Un film des Dardenne se reconnaît au premier plan. « Le silence de Lorna » n’échappe pas à la règle et pourtant le cinéma des frères est en évolution permanente. C’est un cinéma en mouvement, qui se constitue en époques. Après l’époque documentaire et une première fiction « Falsch » (1978-1992), « La Promesse » (1996) avait ouvert un nouveau cycle englobant « Rosetta » et « Le fils » et qui s’était achevé avec « L’enfant » (2005), chaque film se nourrissant du précédent pour creuser un style en constante épuration. « Le silence de Lorna » ouvre une autre époque qui inventera sa propre forme au départ d’une nouvelle écriture de l’image.

Bien entendu, les constantes demeurent. Sur le fond, les Dardenne poursuivent leur approche très physique d’une société de déchirures et de séparations, d’injustices et d’exploitations. Les personnages toujours sublimement incarnés par les nouveaux et les anciens comédiens nés de et dans leur cinéma, ne se résignent jamais et se mettent toujours en danger (comme les acteurs eux-mêmes). Films de vie et de mort, jusqu’au bout. Vie, survie, résistance, révolte, refus, le bien et le mal qui s’affrontent ou s’entremêlent, la rédemption jamais inaccessible : Lorna, la jeune kosovare devenue belge et ses histoires de mariage blanc appartient naturellement à cette famille. Des œuvres en quelque sorte meta-politiques – les Dardenne ont toujours justement refusé l’étiquette de cinéma politique – qui en disent plus long sur une époque que tout film militant.
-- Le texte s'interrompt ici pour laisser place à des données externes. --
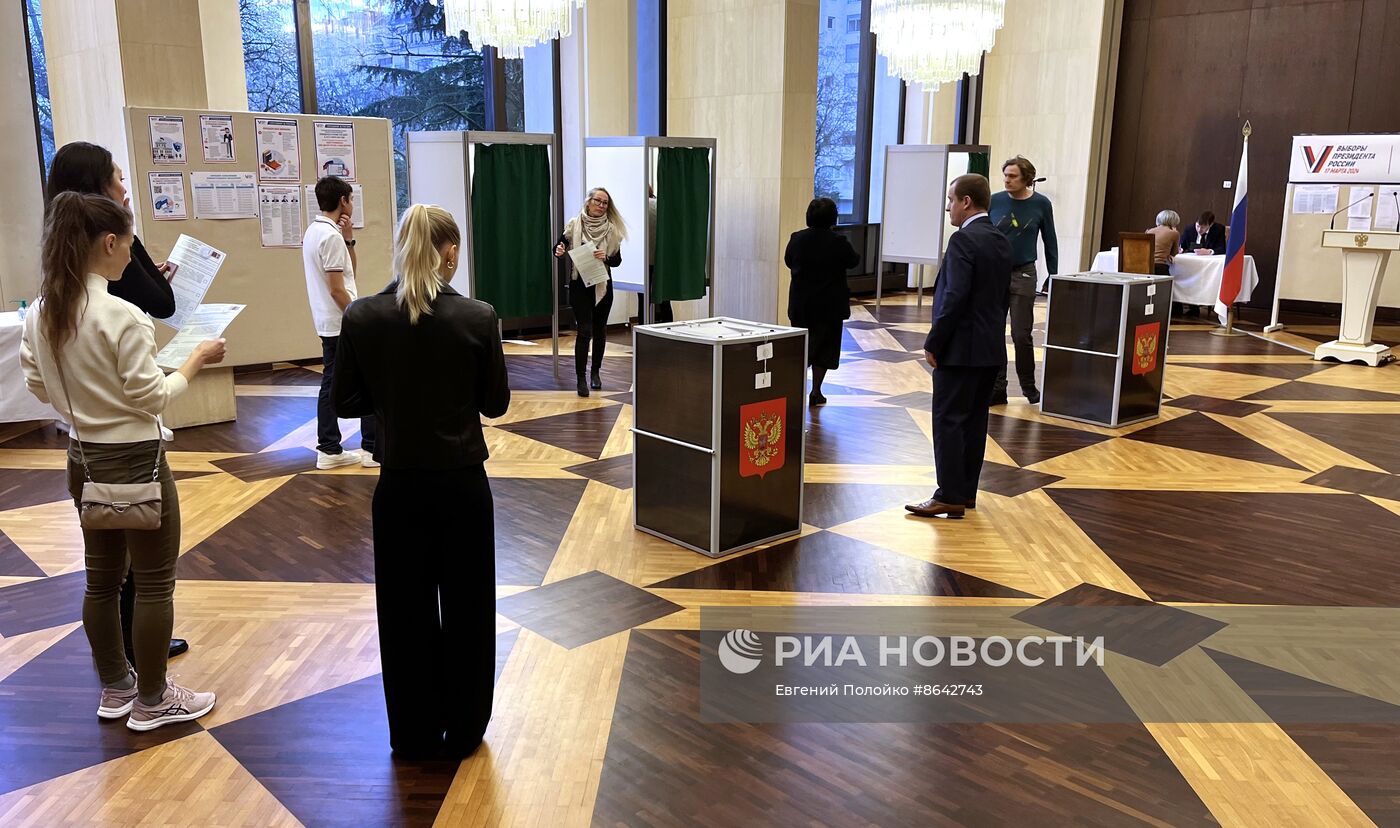 Голосование на выборах президента РФ за рубежом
Rien a changé, donc, dans ce cinéma ? Peut-être, mais en même temps tout a changé, a-t-on envie de dire. Un autre cinéma des frères est en train de naitre qui nous conduira sans doute vers des créations insoupçonnées.
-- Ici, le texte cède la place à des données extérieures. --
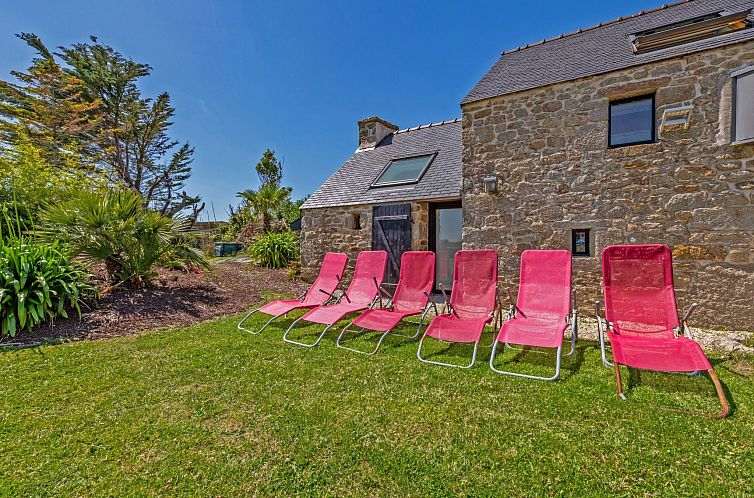 Vakantiehuis Landgut "Villa Léànie" mit Innenpool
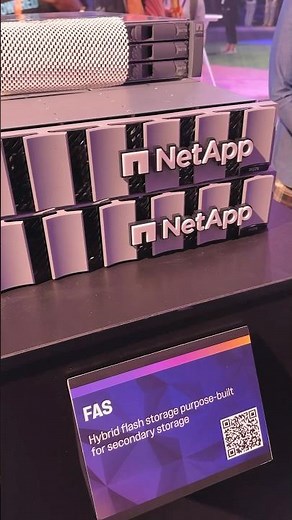 The new NetApp arrays have a unique front service setup for the controllers.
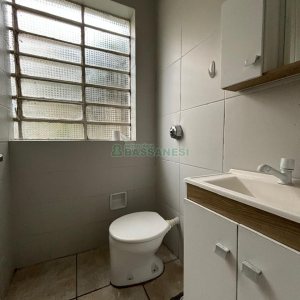 Loja com 101m², no bairro São Pelegrino em Caxias do Sul para Alugar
La caméra 16 mm à l’épaule qui collait aux personnages jusqu’à épouser leur souffle a cédé la place à une 35mm naturellement plus lente, plus fixe, parfois plus lointaine mais sans jamais lâcher ses personnages. Les plans souvent sont courts même si le cadre compose aujourd’hui des tableaux plus que des esquisses. Le pari était risqué, jusqu’à la dénaturation possible d’un style. Il est totalement réussi. Le 16 mm a servi naturellement de « passeur » au 35mm. Le scénario plus complexe, plus diversifié (avec plus de personnages et d’intrigues successives) nécessitait non pas la distance mais des moments de recul qu’offre cette nouvelle écriture. La construction elliptique – qui fait partie depuis toujours du cinéma des Dardenne- s’est encore accentuée dans la subtilité. Non seulement il n’y a jamais un plan de trop, mais souvent un plan de moins accroît encore la force de la séquence. Ce cinéma totalement maitrisé dans sa forme renouvelée nous entraîne dans un moment rare où l’émotion est inséparable de la réflexion.